Landmark events don't come much bigger than this. Not only does the opening of the Henry VI trilogy mark the launch of Shakespeare's eight-play history cycle, to be performed "deep into 2008", it also sees the inauguration of the temporary Courtyard Theatre which will be the RSC's home while the Royal Shakespeare Theatre is rebuilt next year.
When he staged the trilogy five years ago, Michael Boyd gained critical acclaim, the only reservations centring on the limitations of the Swan Theatre. Although the new theatre is, in essence, the Swan writ large, it enables Boyd to open up the action to thrilling effect. The whole of the arena is incorporated as actors descend from ladders, ropes, or gantries, use all points of the galleries, or mount to the rafters, alive and 'dead'.
Henry VI Part One opens with the death of Henry V who slowly descends, in sepulchral light, Tom Piper's metal tower at the rear of the stage before coughing up blood and slithering into his grave. But even as courtiers emerge to deliver their obsequies over his unburied corpse, a stream of messengers arrive with reports of mounting losses in the wake of armed uprising in France. Action shuttles between an England increasingly riven by faction and war overseas.
Boyd likens the trilogy to a Tudor soap. The plus side is an epic sweep and a narrative drive. The downside is the sketchy, two-dimensional nature of many of the characters here and an excess of rhetoric, mercifully trimmed.
Ultimately, although the play is action-packed, the sound and fury of the many battle scenes pall and John McKay as the foppish and pusillanimous Dauphin of France and his equally craven sidekicks afford welcome comic relief.

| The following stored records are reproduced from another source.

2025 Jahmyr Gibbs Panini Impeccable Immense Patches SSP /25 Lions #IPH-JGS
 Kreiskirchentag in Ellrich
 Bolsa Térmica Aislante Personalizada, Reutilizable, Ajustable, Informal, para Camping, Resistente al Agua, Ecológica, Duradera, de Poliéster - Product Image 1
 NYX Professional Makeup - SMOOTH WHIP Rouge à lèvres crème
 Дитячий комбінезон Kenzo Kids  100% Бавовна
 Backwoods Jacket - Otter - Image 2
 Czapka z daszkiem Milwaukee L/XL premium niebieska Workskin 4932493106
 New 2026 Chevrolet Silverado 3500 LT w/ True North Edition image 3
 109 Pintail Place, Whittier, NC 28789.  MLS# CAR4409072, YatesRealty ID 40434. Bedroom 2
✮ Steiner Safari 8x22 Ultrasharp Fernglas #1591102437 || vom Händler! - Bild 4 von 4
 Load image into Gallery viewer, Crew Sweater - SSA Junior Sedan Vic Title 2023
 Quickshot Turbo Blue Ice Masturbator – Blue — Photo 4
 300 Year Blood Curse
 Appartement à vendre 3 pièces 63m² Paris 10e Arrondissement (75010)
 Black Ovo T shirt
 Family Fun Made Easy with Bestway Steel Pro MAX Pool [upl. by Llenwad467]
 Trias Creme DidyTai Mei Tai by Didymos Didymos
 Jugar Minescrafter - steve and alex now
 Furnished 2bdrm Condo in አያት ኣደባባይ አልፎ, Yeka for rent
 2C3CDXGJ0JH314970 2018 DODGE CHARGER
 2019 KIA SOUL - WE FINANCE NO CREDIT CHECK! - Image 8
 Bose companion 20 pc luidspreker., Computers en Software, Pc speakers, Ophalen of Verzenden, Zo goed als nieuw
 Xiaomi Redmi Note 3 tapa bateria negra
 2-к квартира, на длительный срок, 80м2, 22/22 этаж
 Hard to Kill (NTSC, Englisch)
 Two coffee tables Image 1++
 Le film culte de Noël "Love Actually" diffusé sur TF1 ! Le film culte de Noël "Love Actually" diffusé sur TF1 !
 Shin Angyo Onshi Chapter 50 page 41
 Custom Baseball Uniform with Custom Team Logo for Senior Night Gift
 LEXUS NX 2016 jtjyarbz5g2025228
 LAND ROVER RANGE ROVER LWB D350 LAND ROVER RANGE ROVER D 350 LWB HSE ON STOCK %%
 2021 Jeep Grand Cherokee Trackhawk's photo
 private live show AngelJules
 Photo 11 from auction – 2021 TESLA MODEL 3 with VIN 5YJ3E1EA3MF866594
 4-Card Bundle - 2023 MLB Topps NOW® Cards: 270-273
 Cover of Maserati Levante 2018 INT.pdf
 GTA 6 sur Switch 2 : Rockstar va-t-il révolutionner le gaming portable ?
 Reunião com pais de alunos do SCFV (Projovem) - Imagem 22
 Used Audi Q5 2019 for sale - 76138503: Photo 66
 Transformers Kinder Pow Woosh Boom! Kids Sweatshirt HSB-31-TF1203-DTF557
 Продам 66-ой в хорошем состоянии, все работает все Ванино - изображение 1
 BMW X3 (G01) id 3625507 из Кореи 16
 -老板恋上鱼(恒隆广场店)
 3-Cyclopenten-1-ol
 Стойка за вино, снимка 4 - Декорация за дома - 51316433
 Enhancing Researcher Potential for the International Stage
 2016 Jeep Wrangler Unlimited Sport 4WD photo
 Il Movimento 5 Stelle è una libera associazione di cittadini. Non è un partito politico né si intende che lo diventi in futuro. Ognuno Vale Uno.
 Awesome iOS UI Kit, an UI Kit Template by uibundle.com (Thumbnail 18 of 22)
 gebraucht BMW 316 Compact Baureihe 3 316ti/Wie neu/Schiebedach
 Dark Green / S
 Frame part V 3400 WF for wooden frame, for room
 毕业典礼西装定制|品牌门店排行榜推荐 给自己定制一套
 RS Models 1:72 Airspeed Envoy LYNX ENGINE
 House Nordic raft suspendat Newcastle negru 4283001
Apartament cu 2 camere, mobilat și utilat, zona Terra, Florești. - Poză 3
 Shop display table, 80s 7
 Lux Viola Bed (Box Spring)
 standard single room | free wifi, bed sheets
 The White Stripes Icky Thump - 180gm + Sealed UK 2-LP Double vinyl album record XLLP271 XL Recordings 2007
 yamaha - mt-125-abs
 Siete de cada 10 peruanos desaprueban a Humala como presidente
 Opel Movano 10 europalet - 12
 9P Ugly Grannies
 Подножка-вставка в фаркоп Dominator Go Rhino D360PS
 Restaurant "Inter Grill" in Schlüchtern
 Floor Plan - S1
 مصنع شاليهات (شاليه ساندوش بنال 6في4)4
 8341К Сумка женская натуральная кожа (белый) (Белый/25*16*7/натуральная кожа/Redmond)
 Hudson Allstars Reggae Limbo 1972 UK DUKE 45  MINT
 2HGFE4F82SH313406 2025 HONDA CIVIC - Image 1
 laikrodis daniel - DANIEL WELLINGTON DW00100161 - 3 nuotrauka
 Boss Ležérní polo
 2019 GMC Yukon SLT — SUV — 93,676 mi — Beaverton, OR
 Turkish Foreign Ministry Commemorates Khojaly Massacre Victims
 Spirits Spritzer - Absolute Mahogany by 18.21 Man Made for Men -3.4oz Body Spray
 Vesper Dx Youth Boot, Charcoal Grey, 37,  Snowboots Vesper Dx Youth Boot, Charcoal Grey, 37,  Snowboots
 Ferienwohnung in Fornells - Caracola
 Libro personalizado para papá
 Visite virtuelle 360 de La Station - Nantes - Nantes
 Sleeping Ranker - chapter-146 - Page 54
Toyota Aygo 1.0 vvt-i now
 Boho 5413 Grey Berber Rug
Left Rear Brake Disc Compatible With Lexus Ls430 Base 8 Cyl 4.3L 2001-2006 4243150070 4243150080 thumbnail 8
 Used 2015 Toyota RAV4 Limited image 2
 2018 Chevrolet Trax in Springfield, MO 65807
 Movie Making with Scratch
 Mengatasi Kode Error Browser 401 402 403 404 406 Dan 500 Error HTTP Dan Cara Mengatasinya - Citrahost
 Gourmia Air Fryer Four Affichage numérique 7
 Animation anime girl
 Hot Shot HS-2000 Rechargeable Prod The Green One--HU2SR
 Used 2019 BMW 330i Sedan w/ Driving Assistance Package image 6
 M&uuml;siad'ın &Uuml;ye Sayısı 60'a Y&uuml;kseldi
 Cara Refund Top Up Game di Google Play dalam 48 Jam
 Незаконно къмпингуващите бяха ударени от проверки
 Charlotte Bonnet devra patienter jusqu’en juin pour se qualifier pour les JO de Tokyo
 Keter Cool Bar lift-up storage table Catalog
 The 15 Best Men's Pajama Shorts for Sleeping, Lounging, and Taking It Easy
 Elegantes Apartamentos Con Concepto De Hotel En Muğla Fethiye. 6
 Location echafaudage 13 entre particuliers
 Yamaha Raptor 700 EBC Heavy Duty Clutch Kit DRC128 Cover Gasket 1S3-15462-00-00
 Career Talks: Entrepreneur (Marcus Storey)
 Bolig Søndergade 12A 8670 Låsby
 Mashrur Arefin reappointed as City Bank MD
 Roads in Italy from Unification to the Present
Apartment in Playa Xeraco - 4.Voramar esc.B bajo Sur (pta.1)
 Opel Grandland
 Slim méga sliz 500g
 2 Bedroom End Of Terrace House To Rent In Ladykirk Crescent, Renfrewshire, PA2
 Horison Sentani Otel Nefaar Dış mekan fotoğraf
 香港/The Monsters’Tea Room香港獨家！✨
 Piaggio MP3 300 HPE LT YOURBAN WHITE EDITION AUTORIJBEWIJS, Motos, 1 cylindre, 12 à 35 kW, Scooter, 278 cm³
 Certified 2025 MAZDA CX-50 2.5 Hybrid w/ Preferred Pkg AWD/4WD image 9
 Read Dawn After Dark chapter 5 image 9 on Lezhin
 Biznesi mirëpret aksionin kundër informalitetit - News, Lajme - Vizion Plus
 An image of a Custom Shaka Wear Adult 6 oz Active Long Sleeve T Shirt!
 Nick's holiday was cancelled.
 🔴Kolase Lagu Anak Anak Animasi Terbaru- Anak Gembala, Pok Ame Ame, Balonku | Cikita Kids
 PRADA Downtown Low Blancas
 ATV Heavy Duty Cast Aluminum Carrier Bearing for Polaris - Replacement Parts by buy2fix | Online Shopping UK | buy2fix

Among those who also shine are Geoffrey Freshwater, as the rapacious Bishop of Winchester, Richard Cordery as Humphrey, the Duke of Gloucester, Keith Bartlett as the "brave and tiresome" Talbot and Katy Stephens as a far from saintly Joan of Arc, who also doubles as Margaret, Henry VI's queen-to-be at the end of the play. Chuk Iwuji, who plays Henry this time around, has little to do here, but moves adeptly from wide-eyed innocence to growing impotent horror.
This is sophomore Shakespeare, but Shakespeare none the less and exhilaratingly staged.